Tuesday, September 15, 2009

Stuck at home, sick. I had a huge headache yesterday and last night when I went to bed, I felt it creeping into my throat. Probably strep, maybe swine flu. I'll find out tomorrow morning. But there's something else that bothers me more than this illness.
I've been having an ongoing e-battle with a longtime friend of mine who has adopted the conservative manner of not allowing for differences of opinion. It was probably inevitable that our disputes would eventually drift into the abortion debate. According to him, abortion equals murder, and there are no exceptions. My best arguments may have opened a small crack in his defenses, but when I confronted him with the idea that even he may have fathered an unwanted child in his younger days, and that it was possible that one of his partners could have had an abortion without telling him, he ended the 'conversation'.
Like most young men, he, too, was driven by lust for sex. I'm pretty sure that he got his fair share, at the least. After hearing him criticize 'all those people overseas' for engaging in unprotected sex, I turned the point on him and his youthful adventures. I didn't call him a hypocrite, I was willing to let him explain himself out of his logical predicament. He declared himself possessed of a clear heart because he was ignorant of anyone else's wrongdoing. I responded that he may not have helped end one of these so called lives, but he could very well have started one. The phrase 'so-called lives' prompted the end of our discussion.
I should have known. He was always full of passionate intensity and loved to argue. But we had a lot of fun in high school and since then, too. Ironically, he was the person who got me started into hunting, and hunting is the one activity that I have utilized successfully to help me come to terms with the concepts of death and dying (in my own life at least).
About a year after I started hunting, I lost one of my brothers in a tragic work accident. I was devastated. But it was hunting that taught me that death isn't necessarily tragic in and of itself. At first, I was void of all feeling. I noticed it when I shot and wounded a squirrel and went over to end its suffering. Up til then, watching an animal in the throes of death was difficult for me. Finishing them off filled me with many uncomfortable doubts. On this day, soon after my brother's death, I felt nothing at all. I was in an emotional coma.

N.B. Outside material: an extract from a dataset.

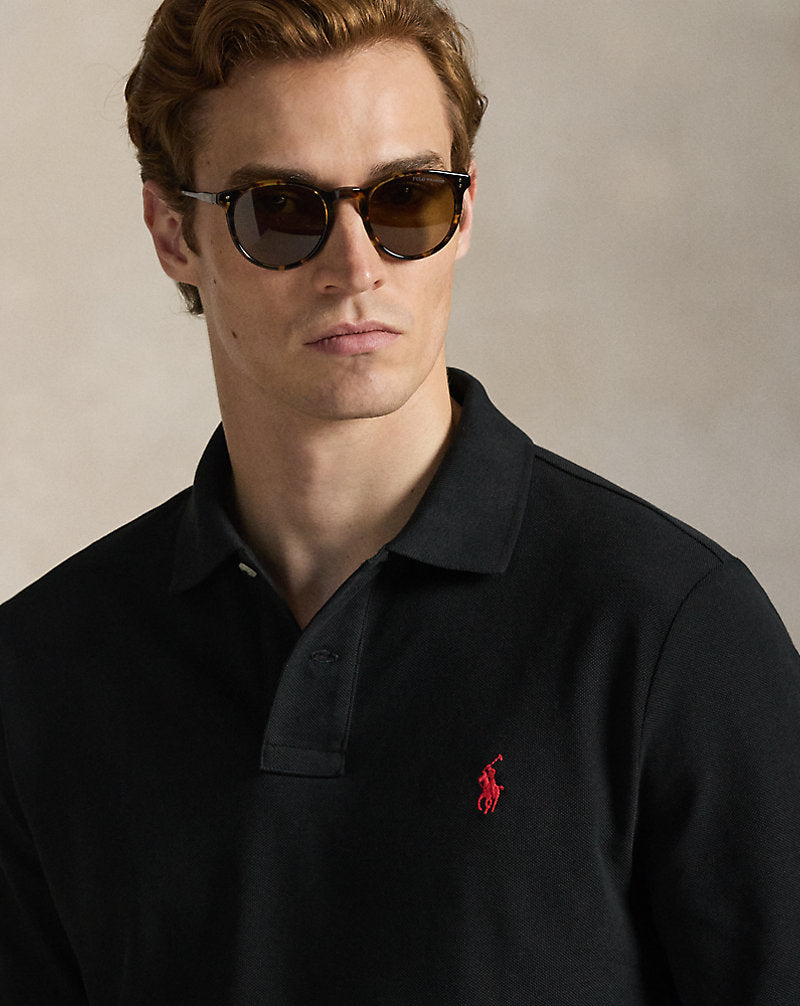 Custom Slim Fit Mesh Polo Shirt Black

But eventually, I began to see death as a necessary thing for the furtherance of life, as an integral part of life itself. One could easily say that death feeds the beginning of life just as easily as saying that life feeds the beginning of death. They are the two sides of the same coin. When done correctly, hunting actually teaches an appreciation for all living things.
Stalking an animal in his environment is not easy. One gains respect for the prey and begins to understand the cycle of life and death as a beautiful thing. A good hunter never kills indiscriminately, and never lets a wounded animal suffer needlessly. A good hunter incorporates the wiles of his prey into his own personality. (Call me a squirrel and I won't be offended.) It is the very essence of totemic worship- you are what you eat. People throughout history, primitive and otherwise, have taken animals as symbols of the characteristics they most wish to own for themselves. (American bald eagles, Russian Kodiak bears, etc.) The origins of these anthropomorphic feelings are found in the stories of hunters.
I truly hope that my friend does not end our friendship because of our disagreement over the abortion issue. I confessed that I should like to see abortion end altogether, but I don't think it can happen without extensive education and advances in birth control. Women find themselves in a desperate situation and deserve our assistance, not our condemnation. What I'm afraid of is that the conservatives who spend all day hunting down progressive liberals will never gain any respect for their prey and will never learn anything of value from us. They are trying to kill us indiscriminately. We're not as easily taken down as they would like to think.